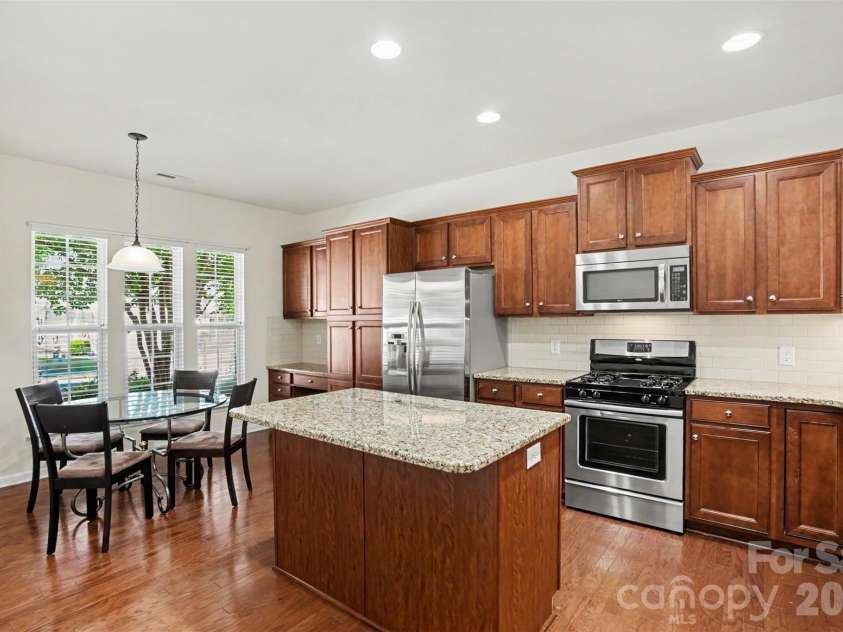 8036 Crater Lake Drive, Fort Mill, SC 29707.  MLS# CAR4390764, YatesRealty ID 29219. Kitchen & Island
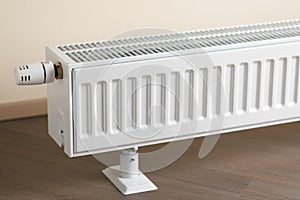 Heating radiator with thermostatic knob in the living room photo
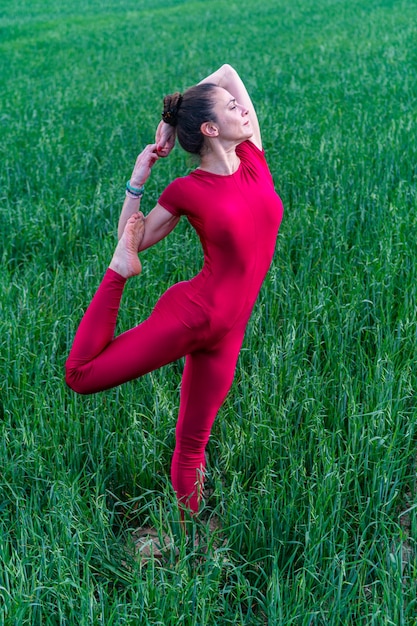 芝生のフィールドで瞑想する若い女性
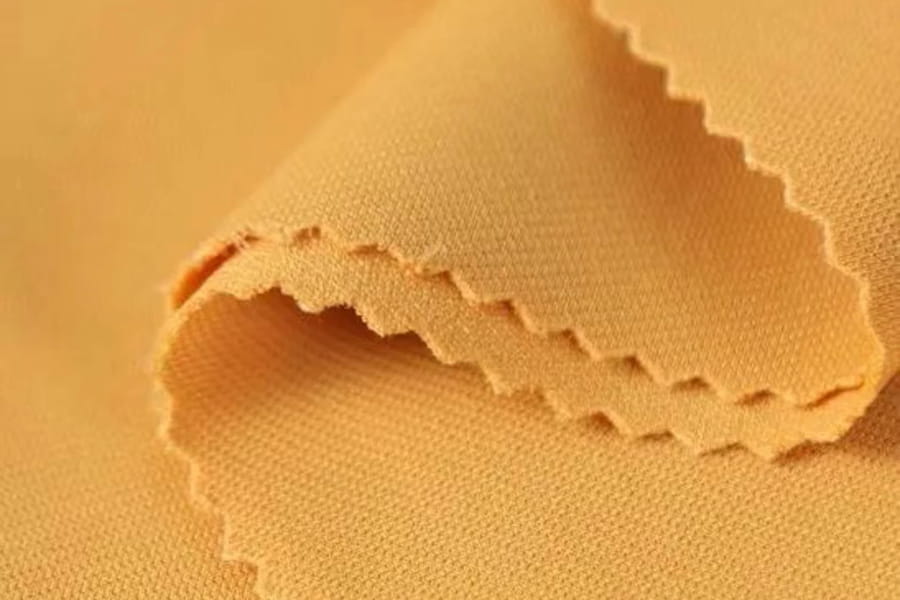 Polyester-Ammonia strikket stoff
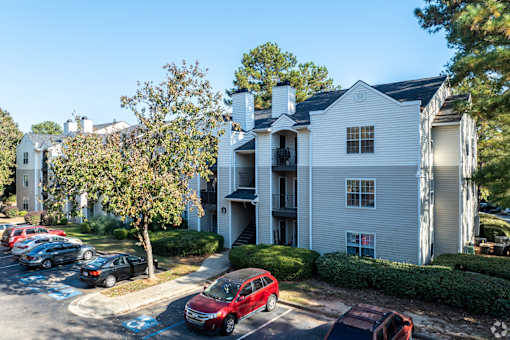 A white building with a red car parked in front.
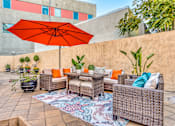 Thumbnail 7 of 20 - a patio with wicker furniture and an orange umbrella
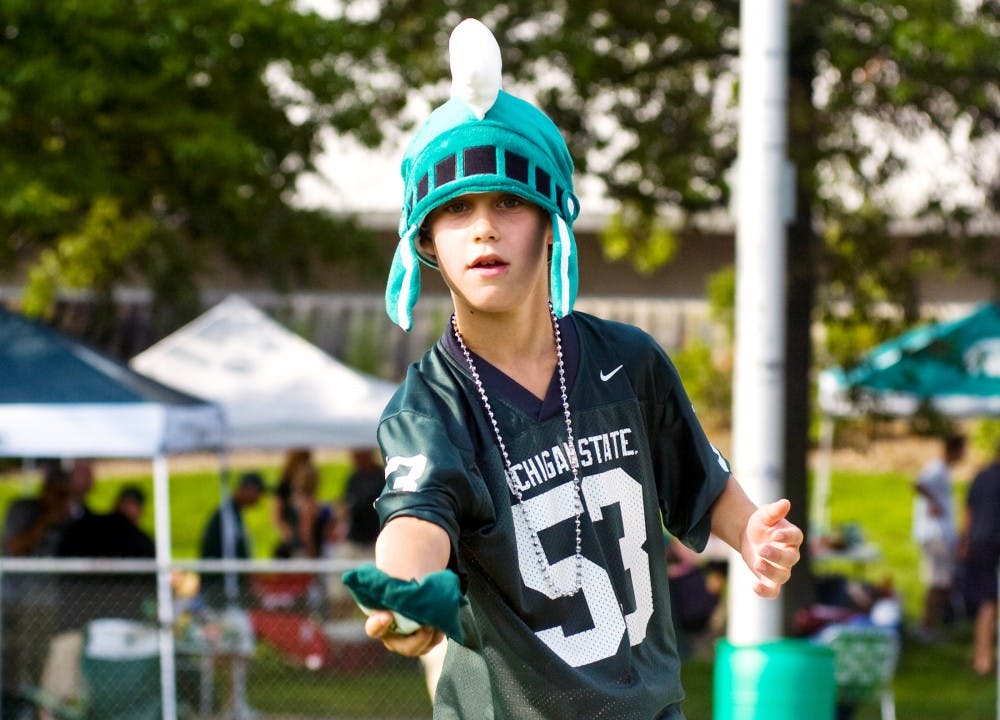 	<p>Kyle Switzer, 9, plays against his father in a bean bag toss while tailgating before the football game against Youngstown State on Friday. Mo Hnatiuk/The State News</p>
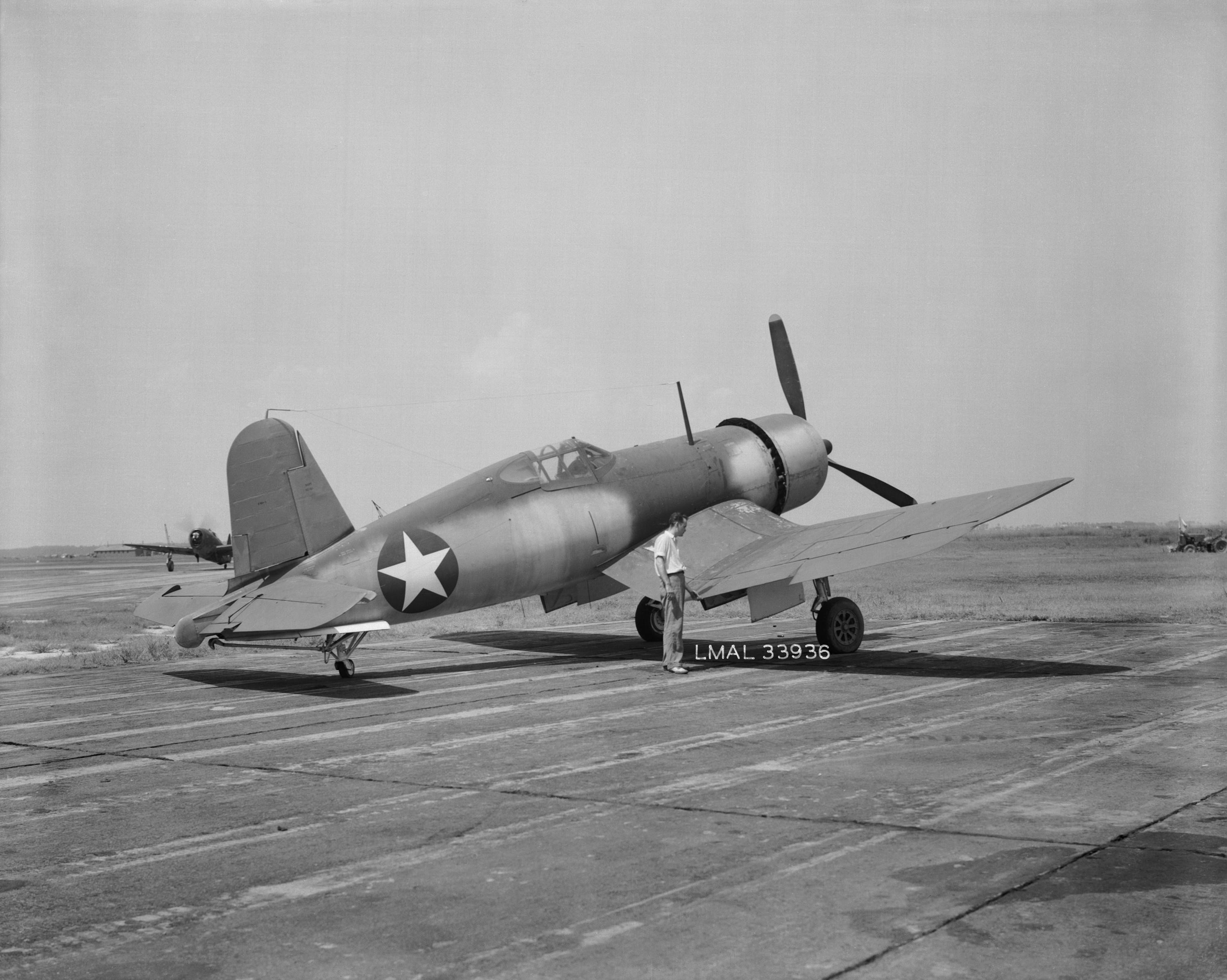 F4U-1 Corsair fighter at Langley Research Center at Hampton, Virginia, United States, 31 Jul 1943. Note the P-47 Thunderbolt on the taxi way behind the Corsair's tail.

**Problem:**
Write out each entry exactly as given, omitting any picture.

**Result of this task:**
 8036 Crater Lake Drive, Fort Mill, SC 29707.  MLS# CAR4390764, YatesRealty ID 29219. Kitchen & Island
 Heating radiator with thermostatic knob in the living room photo
 芝生のフィールドで瞑想する若い女性
 Polyester-Ammonia strikket stoff
 A white building with a red car parked in front.
 Thumbnail 7 of 20 - a patio with wicker furniture and an orange umbrella
 	<p>Kyle Switzer, 9, plays against his father in a bean bag toss while tailgating before the football game against Youngstown State on Friday. Mo Hnatiuk/The State News</p>
 F4U-1 Corsair fighter at Langley Research Center at Hampton, Virginia, United States, 31 Jul 1943. Note the P-47 Thunderbolt on the taxi way behind the Corsair's tail.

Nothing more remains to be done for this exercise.